We provide the kitti_infos_train.pkl and kitti_dbinfos_train.pkl that contain label uncertainty.
cd tools;
python train.py --cfg_file ./cfgs/kitti_models/GLENet_VR.yaml
Multi gpu training, assuming you have 4 gpus:
CUDA_VISIBLE_DEVICES=0,1,2,3 bash scripts/dist_train.sh 4 --cfg_file ./cfgs/kitti_models/GLENet_VR.yaml
cd tools/
Single gpu testing for all saved checkpoints, assuming you have 4 gpus:
python test.py --eval_all --cfg_file ./cfgs/kitti_models/GLENet_VR.yaml
Multi gpu testing for all saved checkpoints, assuming you have 4 gpus:
CUDA_VISIBLE_DEVICES=0,1,2,3 bash scripts/dist_test.sh 4 --eval_all --cfg_file ./cfgs/kitti_models/GLENet_VR.yaml
Multi gpu testing a specific checkpoint, assuming you have 4 gpus and checkpoint_39 is your best checkpoint :
CUDA_VISIBLE_DEVICES=0,1,2,3 bash scripts/dist_test.sh 4 --cfg_file ./cfgs/kitti_models/GLENet_VR.yaml --ckpt ../output/GLENet_VR/default/ckpt/checkpoint_epoch_80.pth
We provide the pre-trained models for car class on the KITTI dataset.

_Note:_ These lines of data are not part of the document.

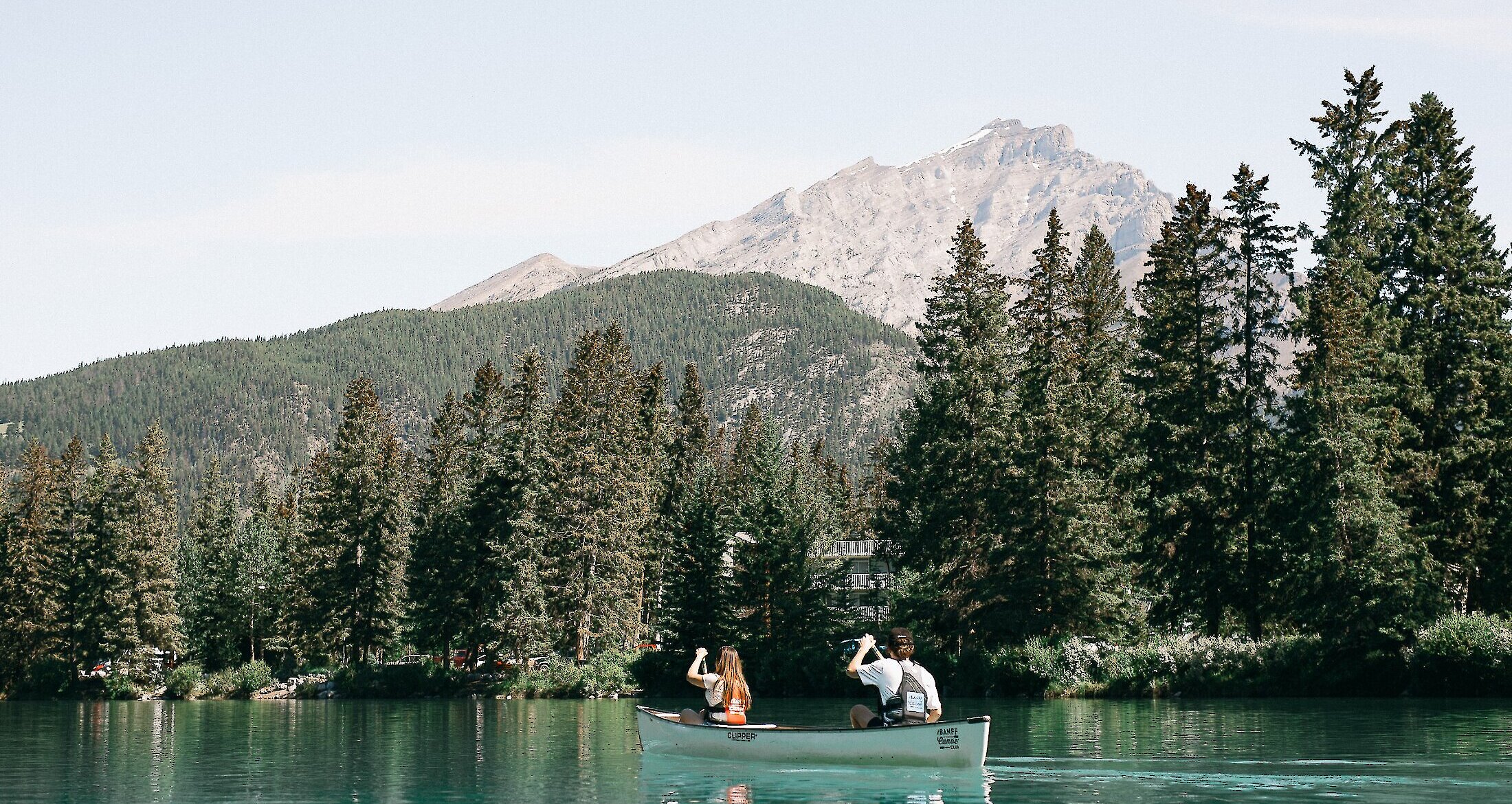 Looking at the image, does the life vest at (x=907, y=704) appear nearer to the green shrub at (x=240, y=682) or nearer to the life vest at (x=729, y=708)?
the life vest at (x=729, y=708)

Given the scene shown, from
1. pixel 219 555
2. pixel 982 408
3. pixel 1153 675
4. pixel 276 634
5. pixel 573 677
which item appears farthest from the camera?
pixel 219 555

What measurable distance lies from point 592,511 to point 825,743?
170ft

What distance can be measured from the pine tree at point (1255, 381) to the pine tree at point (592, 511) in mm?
33247

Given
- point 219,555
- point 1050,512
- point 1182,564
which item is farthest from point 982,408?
point 219,555

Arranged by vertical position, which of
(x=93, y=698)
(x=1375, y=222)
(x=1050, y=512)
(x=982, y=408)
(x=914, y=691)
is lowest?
(x=93, y=698)

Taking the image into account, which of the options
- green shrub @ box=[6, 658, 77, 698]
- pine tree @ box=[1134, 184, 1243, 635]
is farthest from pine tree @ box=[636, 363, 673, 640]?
pine tree @ box=[1134, 184, 1243, 635]

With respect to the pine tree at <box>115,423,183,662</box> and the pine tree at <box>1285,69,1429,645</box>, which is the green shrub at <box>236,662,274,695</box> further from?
the pine tree at <box>1285,69,1429,645</box>

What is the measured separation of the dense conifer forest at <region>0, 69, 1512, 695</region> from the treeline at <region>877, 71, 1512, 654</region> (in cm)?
14

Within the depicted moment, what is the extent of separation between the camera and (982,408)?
6375 cm

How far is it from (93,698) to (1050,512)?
57087 mm

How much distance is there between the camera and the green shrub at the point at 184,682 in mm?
82312

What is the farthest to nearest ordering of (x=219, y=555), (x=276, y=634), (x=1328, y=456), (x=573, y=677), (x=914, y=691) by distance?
(x=219, y=555)
(x=276, y=634)
(x=573, y=677)
(x=1328, y=456)
(x=914, y=691)

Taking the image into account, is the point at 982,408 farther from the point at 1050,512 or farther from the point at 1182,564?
the point at 1182,564

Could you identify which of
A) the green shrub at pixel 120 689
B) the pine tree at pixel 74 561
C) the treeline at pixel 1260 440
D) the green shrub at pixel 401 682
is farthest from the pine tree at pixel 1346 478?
the pine tree at pixel 74 561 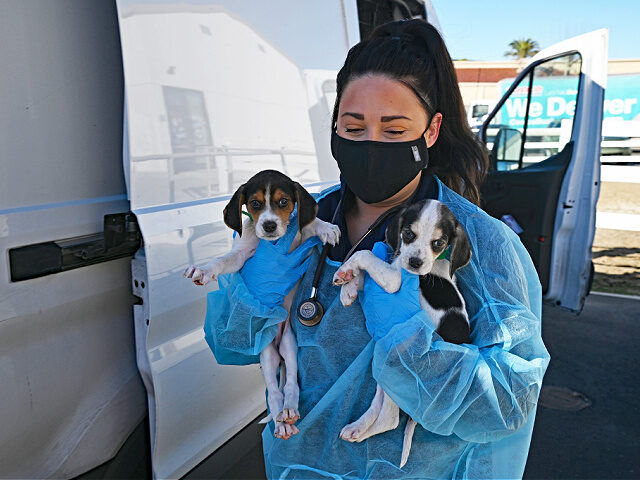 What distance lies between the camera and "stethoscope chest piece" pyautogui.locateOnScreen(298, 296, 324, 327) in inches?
67.0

Method | Simple@R11 | Moderate@R11 | Hard@R11 | Moderate@R40 | Download |
---|---|---|---|---|---|
SECOND(Baseline) | 88.61 | 78.62 | 77.22 | 79.94 | - |
GLENet-S(Ours) | 88.60 | 84.41 | 78.42 | 84.81 | Download |
CIA-SSD(Baseline) | 90.04 | 79.81 | 78.80 | 84.16 | - |
GLENet-C(Ours) | 89.81 | 84.54 | 78.82 | 85.19 | Download |
Voxel R-CNN(Baseline) | 89.41 | 84.52 | 78.93 | 85.29 | - |
GLENet-VR(Ours) | 89.95 | 86.49 | 79.18 | 86.23 | Download |
If you find this work useful in your research, please consider cite:
@article{zhang2022glenet,
title={GLENet: Boosting 3D Object Detectors with Generative Label Uncertainty Estimation},
author={Zhang, Yifan and Zhang, Qijian and Zhu, Zhiyu and Hou, Junhui and Yuan, Yixuan},
journal={arXiv preprint arXiv:2207.02466},
year={2022}
}
GLENet
is released under the Apache 2.0 license.
Thanks for the OpenPCDet, the implementation of probabilistic object detectors part is mainly based on the pcdet v0.5.2.